GOAL OF THE EXERCISE. In the entries below, find the line with "Tamaris Mules in Grey: front" and the line with "Gs Rao stylish"; give again those lines and every line between them, exactly.

RECORDS TO PROCESS.

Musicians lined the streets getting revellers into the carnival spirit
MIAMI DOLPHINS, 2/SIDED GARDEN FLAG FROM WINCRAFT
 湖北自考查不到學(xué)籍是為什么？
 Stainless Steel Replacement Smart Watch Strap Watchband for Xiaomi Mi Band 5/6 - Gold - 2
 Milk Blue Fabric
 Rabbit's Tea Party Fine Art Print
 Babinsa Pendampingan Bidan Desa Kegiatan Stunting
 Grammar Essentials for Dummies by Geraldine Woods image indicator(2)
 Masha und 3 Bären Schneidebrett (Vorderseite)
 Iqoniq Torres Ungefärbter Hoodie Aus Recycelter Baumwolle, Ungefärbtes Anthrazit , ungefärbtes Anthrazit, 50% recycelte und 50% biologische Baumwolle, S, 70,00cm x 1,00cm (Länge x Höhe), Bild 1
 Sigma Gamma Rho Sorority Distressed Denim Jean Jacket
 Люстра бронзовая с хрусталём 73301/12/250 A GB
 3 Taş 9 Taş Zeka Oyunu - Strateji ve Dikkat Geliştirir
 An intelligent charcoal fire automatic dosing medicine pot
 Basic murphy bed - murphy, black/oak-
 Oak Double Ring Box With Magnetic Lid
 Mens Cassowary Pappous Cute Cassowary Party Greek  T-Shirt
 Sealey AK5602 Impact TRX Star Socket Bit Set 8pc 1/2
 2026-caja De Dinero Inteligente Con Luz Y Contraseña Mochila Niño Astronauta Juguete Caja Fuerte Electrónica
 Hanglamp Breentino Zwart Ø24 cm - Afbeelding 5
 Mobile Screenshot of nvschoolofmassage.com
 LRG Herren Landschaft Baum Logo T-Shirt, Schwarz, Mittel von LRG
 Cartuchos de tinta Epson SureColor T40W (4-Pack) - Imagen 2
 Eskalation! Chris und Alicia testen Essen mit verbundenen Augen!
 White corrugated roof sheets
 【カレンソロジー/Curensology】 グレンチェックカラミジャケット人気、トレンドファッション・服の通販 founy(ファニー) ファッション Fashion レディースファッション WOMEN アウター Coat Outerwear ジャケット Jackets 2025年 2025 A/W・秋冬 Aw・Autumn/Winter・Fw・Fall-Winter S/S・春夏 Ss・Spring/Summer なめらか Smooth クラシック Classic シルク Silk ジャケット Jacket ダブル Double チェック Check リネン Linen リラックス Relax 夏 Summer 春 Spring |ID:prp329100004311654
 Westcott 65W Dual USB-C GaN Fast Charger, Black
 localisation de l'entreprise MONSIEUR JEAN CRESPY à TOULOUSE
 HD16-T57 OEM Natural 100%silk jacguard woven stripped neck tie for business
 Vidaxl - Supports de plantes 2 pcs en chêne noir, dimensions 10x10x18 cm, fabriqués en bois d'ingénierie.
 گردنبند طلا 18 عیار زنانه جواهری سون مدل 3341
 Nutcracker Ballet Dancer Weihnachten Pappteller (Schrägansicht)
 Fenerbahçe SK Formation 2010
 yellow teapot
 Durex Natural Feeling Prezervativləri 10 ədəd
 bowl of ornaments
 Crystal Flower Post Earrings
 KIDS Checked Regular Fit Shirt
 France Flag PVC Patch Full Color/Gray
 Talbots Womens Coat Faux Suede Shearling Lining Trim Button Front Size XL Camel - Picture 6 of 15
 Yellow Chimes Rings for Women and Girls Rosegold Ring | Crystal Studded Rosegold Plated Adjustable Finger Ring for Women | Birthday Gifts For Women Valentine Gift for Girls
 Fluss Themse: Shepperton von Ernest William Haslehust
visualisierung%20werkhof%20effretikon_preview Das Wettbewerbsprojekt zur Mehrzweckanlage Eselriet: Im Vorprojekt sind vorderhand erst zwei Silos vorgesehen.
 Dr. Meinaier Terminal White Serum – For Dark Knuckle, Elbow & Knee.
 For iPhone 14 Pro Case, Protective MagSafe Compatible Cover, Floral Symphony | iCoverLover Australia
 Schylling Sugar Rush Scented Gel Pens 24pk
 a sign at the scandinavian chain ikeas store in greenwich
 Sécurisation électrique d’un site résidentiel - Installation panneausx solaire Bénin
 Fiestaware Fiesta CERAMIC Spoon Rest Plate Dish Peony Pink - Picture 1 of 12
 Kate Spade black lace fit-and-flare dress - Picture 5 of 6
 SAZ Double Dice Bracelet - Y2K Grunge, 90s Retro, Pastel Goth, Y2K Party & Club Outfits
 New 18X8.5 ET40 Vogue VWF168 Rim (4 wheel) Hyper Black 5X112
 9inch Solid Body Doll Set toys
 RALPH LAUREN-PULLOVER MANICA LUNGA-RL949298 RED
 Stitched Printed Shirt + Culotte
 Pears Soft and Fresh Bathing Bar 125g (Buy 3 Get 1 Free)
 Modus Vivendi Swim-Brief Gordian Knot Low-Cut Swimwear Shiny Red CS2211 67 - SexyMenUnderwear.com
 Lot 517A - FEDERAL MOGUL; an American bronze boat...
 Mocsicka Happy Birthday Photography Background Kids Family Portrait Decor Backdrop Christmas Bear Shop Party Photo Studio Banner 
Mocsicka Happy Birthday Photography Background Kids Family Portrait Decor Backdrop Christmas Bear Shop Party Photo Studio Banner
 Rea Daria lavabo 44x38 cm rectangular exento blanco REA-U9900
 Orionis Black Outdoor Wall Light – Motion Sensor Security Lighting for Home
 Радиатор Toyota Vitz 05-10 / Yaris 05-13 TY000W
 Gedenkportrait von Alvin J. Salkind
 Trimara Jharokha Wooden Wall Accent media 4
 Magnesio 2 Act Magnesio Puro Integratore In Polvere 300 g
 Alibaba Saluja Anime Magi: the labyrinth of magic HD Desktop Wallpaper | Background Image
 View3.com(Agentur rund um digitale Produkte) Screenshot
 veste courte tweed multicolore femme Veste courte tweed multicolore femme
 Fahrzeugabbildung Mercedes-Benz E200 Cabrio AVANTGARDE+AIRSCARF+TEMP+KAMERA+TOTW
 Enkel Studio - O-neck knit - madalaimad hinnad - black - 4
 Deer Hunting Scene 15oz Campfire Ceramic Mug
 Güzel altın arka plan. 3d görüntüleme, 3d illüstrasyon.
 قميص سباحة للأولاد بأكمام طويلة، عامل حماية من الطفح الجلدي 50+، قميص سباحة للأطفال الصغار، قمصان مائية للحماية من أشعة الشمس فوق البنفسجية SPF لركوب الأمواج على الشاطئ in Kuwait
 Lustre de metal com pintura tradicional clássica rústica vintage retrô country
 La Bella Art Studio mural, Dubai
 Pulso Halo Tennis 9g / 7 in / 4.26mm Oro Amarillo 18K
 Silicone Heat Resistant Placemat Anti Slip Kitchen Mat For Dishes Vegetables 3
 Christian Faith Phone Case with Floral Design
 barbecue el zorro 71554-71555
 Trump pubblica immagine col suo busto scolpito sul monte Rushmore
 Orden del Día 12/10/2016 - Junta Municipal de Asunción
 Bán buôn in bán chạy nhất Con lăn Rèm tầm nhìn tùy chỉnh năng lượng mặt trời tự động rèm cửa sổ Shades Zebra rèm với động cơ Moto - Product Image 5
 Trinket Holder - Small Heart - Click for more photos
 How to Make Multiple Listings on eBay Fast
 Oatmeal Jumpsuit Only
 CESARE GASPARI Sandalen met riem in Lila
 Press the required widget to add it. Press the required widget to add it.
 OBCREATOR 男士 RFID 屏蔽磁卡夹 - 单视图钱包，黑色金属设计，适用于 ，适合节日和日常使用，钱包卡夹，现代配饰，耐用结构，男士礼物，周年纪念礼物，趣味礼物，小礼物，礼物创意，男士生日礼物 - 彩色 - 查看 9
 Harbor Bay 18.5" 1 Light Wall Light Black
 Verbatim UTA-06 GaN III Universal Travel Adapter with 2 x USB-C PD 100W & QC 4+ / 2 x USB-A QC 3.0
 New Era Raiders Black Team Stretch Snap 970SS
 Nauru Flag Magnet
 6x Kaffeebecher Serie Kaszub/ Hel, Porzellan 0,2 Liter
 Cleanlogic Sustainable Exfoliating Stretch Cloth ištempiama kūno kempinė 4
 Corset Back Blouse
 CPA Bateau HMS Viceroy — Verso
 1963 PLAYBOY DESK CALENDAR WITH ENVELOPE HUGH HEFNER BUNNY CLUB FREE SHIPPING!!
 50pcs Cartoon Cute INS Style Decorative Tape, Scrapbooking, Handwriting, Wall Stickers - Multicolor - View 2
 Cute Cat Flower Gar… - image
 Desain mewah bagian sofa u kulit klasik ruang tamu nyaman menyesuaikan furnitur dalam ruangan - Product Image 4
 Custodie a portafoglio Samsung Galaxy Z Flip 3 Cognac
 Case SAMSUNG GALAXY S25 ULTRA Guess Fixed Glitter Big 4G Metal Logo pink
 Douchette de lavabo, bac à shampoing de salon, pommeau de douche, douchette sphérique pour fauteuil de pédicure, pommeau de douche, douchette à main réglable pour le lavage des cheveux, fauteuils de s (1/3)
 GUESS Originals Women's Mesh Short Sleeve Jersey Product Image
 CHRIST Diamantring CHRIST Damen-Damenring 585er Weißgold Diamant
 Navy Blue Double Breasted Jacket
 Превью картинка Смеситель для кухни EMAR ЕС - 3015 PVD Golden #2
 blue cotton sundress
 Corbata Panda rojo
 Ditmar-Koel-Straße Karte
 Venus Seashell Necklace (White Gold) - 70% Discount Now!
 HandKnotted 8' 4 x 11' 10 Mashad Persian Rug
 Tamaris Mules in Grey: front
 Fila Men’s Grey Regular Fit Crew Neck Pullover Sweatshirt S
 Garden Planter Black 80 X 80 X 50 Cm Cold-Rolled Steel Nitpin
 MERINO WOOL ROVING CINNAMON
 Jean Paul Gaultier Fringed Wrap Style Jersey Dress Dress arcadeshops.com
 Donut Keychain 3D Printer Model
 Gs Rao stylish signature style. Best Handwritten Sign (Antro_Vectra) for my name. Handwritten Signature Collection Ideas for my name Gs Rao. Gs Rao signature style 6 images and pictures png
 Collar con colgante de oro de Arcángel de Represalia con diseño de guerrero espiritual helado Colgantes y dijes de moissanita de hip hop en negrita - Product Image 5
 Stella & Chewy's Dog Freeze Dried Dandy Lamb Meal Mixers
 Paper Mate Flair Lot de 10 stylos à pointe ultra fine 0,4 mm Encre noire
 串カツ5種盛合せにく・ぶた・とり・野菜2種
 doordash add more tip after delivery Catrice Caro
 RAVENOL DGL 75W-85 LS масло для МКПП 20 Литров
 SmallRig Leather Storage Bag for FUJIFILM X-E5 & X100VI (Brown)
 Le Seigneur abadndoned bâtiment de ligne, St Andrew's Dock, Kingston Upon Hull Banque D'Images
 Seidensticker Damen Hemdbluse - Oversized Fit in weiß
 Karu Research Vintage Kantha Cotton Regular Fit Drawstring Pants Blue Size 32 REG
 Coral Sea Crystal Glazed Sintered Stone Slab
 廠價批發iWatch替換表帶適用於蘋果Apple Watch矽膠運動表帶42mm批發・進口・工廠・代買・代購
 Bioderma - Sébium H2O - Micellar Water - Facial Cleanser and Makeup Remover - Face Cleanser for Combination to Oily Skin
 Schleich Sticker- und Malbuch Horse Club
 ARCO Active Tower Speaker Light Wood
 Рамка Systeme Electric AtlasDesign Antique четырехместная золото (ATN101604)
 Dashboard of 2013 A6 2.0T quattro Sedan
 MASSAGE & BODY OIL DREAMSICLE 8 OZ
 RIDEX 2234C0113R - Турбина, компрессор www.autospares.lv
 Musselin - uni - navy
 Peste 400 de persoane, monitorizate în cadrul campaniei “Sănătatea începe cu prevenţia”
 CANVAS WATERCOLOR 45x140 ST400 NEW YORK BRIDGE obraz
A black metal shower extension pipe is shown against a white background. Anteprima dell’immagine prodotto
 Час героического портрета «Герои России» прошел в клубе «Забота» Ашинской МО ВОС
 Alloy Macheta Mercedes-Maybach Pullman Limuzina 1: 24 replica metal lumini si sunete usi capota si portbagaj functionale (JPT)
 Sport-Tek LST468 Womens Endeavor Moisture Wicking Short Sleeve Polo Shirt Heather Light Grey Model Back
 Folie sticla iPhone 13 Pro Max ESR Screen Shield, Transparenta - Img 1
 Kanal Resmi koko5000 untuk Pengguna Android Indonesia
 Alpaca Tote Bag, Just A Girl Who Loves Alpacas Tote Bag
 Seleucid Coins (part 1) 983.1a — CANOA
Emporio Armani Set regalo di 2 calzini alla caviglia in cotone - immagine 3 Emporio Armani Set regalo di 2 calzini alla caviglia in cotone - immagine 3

YOUR SOLUTION.
 Tamaris Mules in Grey: front
 Fila Men’s Grey Regular Fit Crew Neck Pullover Sweatshirt S
 Garden Planter Black 80 X 80 X 50 Cm Cold-Rolled Steel Nitpin
 MERINO WOOL ROVING CINNAMON
 Jean Paul Gaultier Fringed Wrap Style Jersey Dress Dress arcadeshops.com
 Donut Keychain 3D Printer Model
 Gs Rao stylish signature style. Best Handwritten Sign (Antro_Vectra) for my name. Handwritten Signature Collection Ideas for my name Gs Rao. Gs Rao signature style 6 images and pictures png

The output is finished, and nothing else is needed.